Moore stands in contrast to philosophers who argue that “good” can be defined in terms of natural properties we already understand. Instead, Moore argues that properties are either simple or complex, and complex properties are made from simple ones. Complex properties can be defined by breaking out their simple components, but the simple ones are indefinable. You can define “yellow” as the color of a ripe lemon, or as the primary color between green and orange on the visible spectrum, or as electromagnetic radiation with a wavelength between 570 and 590 nanometers, but none of those are sufficient to help a blind person perceive what you’re talking about. As Justice Potter famously observed about pornography, “I know it when I see it.” But that doesn’t enable one to produce a meaningful operational definition.

Tuesday, January 3, 2012

Thank God It's Friday! (Red Herrings, Part 20)

Part 20 of Red Herrings covers still more responses to arguments that distract from the argument rather than address it directly. This week, judgmental language.

Judgmental language

You can’t take a management or communications course without hearing about the dangers of judgmental language, but it’s a red herring fallacy as well. Like all red herrings, judgmental language skips over the actual descriptive part of the argument and rushes right to the conclusion.

“He hates me” is judgmental language, not because it’s necessarily false, but because it cites the conclusion without citing the evidence. What’s the evidence that he does, indeed, hate you? Perhaps he called you names, he told someone else that he hated you, he went to your boss to complain about you, or he let the air out of your tires. Those are descriptions of behavior, and at some point they add up to sufficient evidence to draw the conclusion that yes, indeed, he does hate you. Alternatively, it could mean something else altogether, such as a desire to take your job or win a promotion. It’s not personal, it’s strictly business.

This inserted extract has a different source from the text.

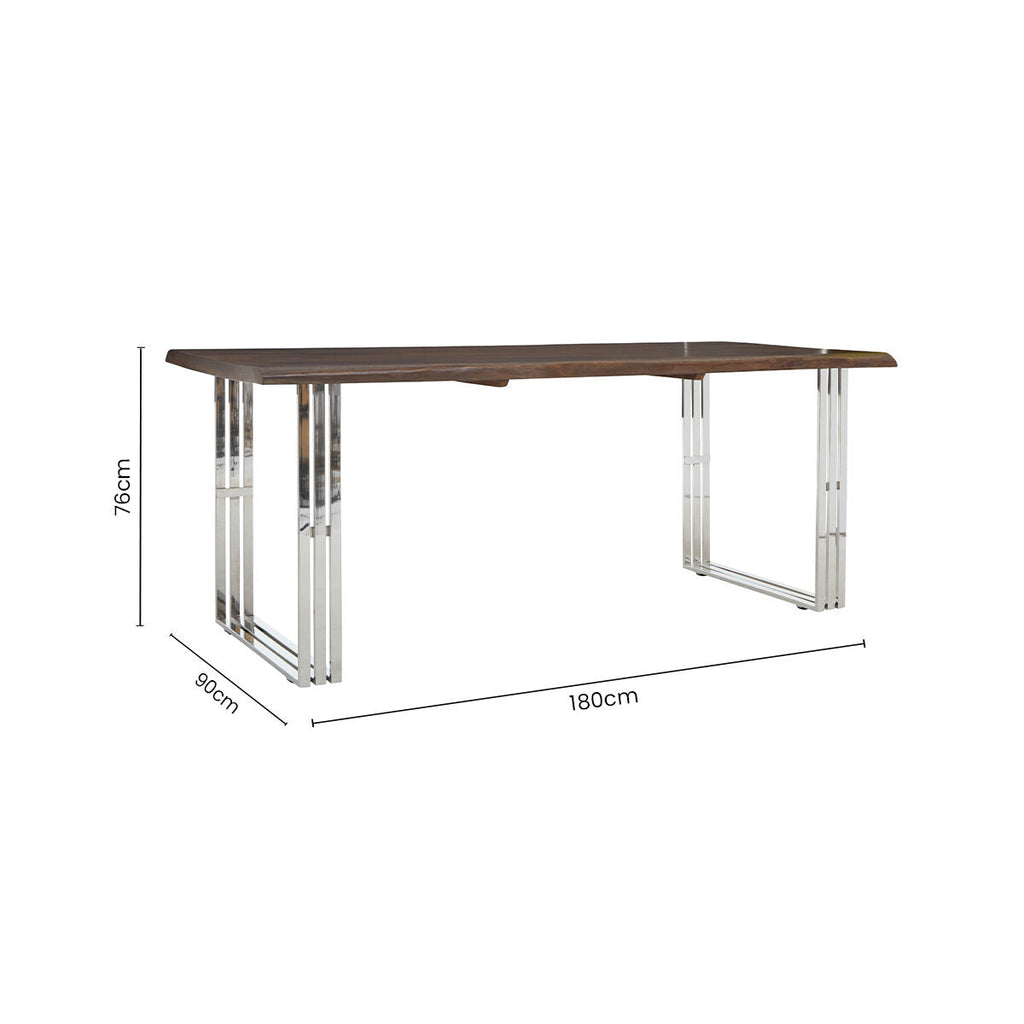 Orsina Hampstead Acacia Wood Dining Table with Stainless Steel Base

Judgmental language criticizes or praises, condemns or applauds, evaluates or interprets the behaviors (actions, deeds, sayings) of human individuals and groups. “Obama is a Kenyan socialist” neatly avoids the requirement of citing evidence and goes right for the jugular. Political propaganda tends to consist of nothing but.

There are a number of problems with judgmental language. First, your conclusion may be wrong. Second, judgmental language tends to be resisted and to provoke arguments. Avoid “red flag” words and phrases. Try to stay away from “should” and “ought.” Go with the Joe Friday technique: just the facts, ma’am.